If videos number fewer than ten (10), do not record this content type. Ensure formats can be played; if captured videos cannot be played, then do not record this content type. In addition to videos on the main website seed, potential YouTube seeds can be found in the collection's seed list (see MARC field 856 – Electronic Location & Access).
500 – General Notes
Include the below notes. Do not include for Archive-It collections not harvested by GPO.
520 – Abstract
Describe contents generally and specifically, including the intended audience where relevant. Do not limit to a general description of the corporate body's history or functions.
If the scope of the website changes, revise the abstract to account for changes to the website. A brief explanation of the agency or title changes may be necessary. Keep in mind that the collection will contain captures of both the old and new website content.
588 - Source of Description Note
Description Based On date should be latest harvest date on the Archive-It index page of captures, at the time of cataloging.
If no statement for “page last modified” or “last updated” or similar exists on the latest captured site, then omit this part of the note.
710 – Added Entry – Corporate Body
Include responsible corporate bodies not recorded in 110.
For Archive-It sites harvested by GPO, also include added entries for the FDLP as the collector and GPO as distributor.
Do not include these fields for Archive-It sites not harvested by GPO. Consider including an added entry for another agency collector, if the agency is not the same as the author and/or issuing body.
773 – Host Item Entry
For Archive-It sites harvested by GPO, include the below Host Item Entry field. Do not include for collections not harvested by GPO.
775 – Other Edition Entry
If an OCLC record for the current version of the website exists, link to it in a 775 field, regardless of whether it is held by GPO.

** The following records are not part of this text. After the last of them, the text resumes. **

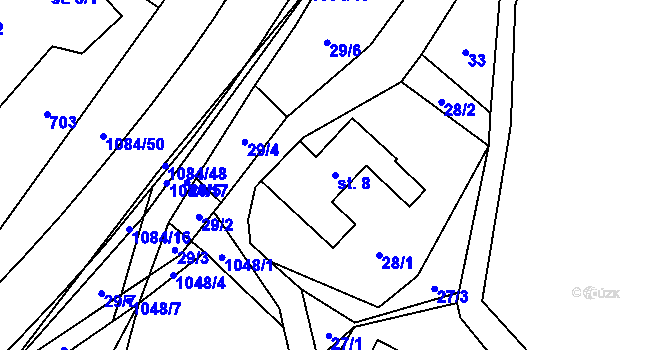 Parcela st. 8 v KÚ Vrchovina, Katastrální mapa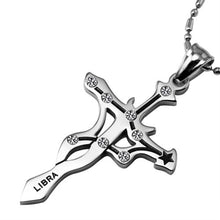 Stainless Steel Austrian Crystal Zodiac Pendant Necklace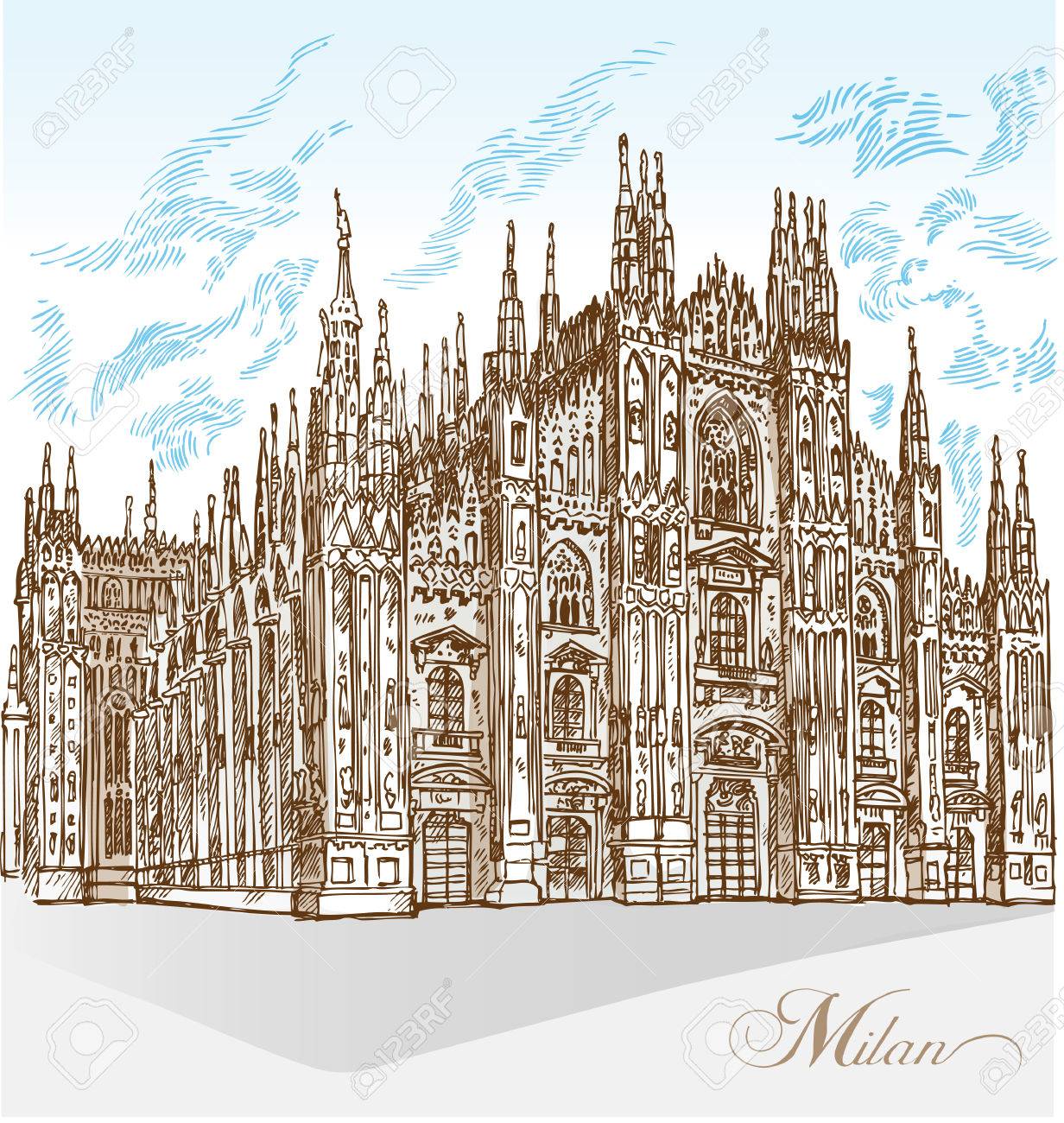 1232x1300 Milan Cathedral Hand Draw Royalty Free Cliparts, Vectors,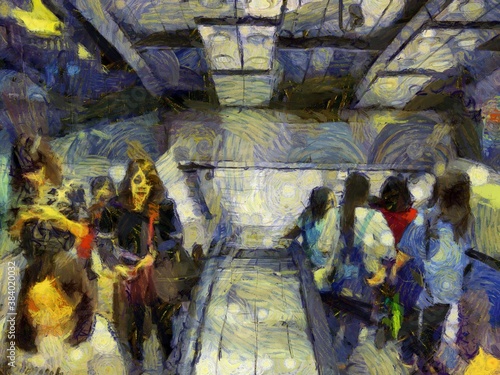 Passengers at the subway station Illustrations creates an impressionist style of painting. © Kittipong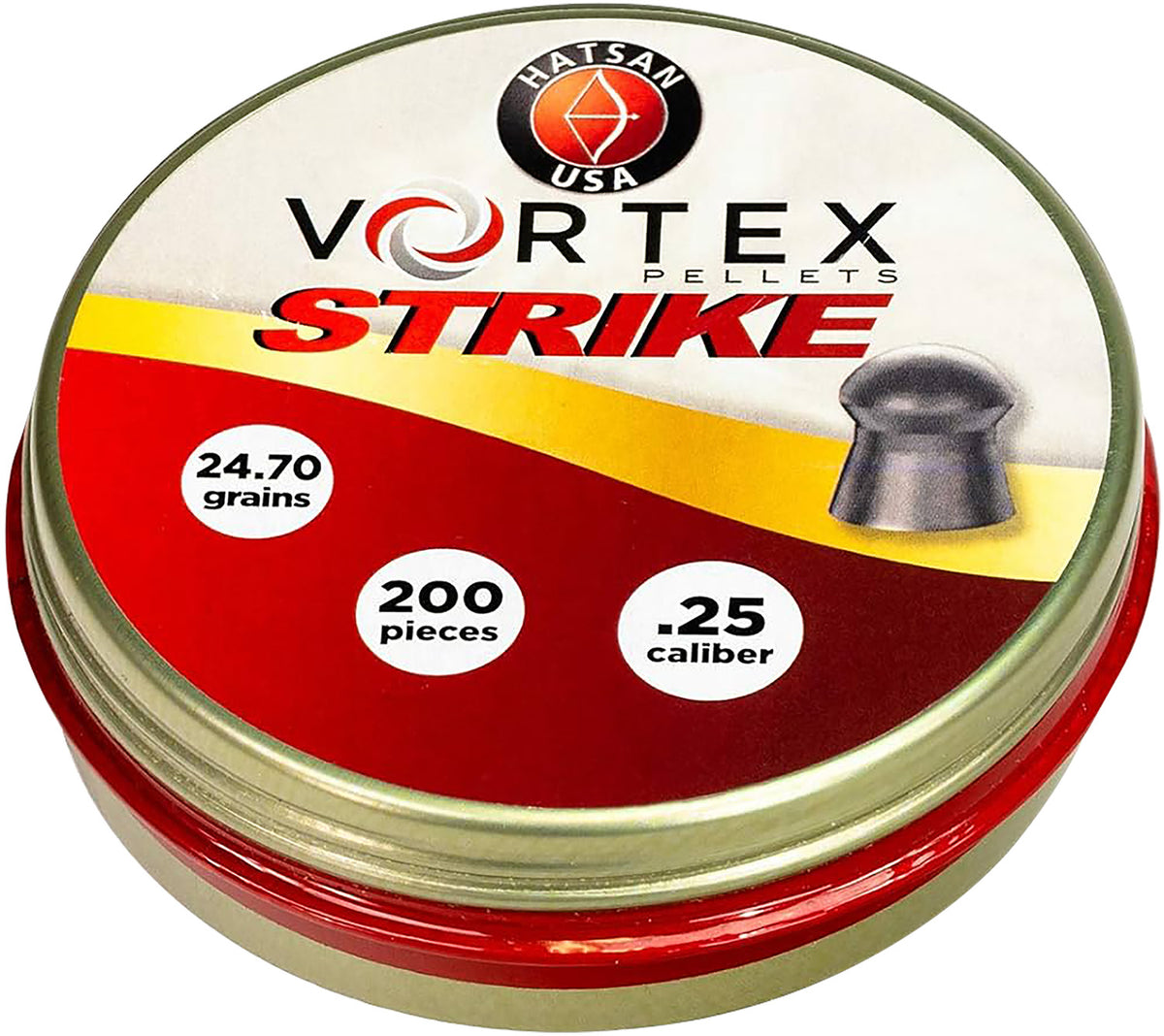 Hatsan USA Vortex Strike 25Cal Lead Domed Pellets Tin of 200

When updating an existing Web Archive record with a 775 field linking to the current version of the website, ensure that the content of the 775 field is accurate.
- If the linked record has not been updated, and it is a GPO record, update the linked record as necessary, as well as the 775 text in this record.
- If the linked record is not a GPO record, you may choose to update the linked record; or to leave the linked record as-is, still retaining the 775 in this record.
856 – Electronic Location & Access
Collections and subcollections will have a PURL pointing to the Wayback URL for the index page of harvested dates for the primary seed. Sample structure of index page target URL: https://wayback.archive-it.org/4225/*/http://www.ncua.gov/
Collections, but not subcollections, will have an additional PURL pointing to the collection page seed list. Sample structure of seed list target URL: https://archive-it.org/collections/4225
Also include a historic URL field for the primary seed URL at time of first capture.
If the primary seed URL for the resource changes, create a PURL to the new index page. In both the old and new index page PURL fields, add a subfield ǂ3 giving the dates of coverage. Note that there is no need to alter the seed list PURL.
Also add a new 856 field for the URL at time of capture. Indicate the date of the change in angle brackets in subfield ǂz in the “URL at time of capture” fields.
If the archived version lacks any of the functionality of the live version, make a note in subfield ǂz of the 856 field for the index page PURL. Sample notes have been developed in consultation with staff members from the Office of Archival Management; please consult with them for any additional notes that may be required.
955 – Local Note
Include a WEBARCH local note, with the date of initial export, for all collection and subcollection level records. Do not include for Archive-It collections not harvested by GPO.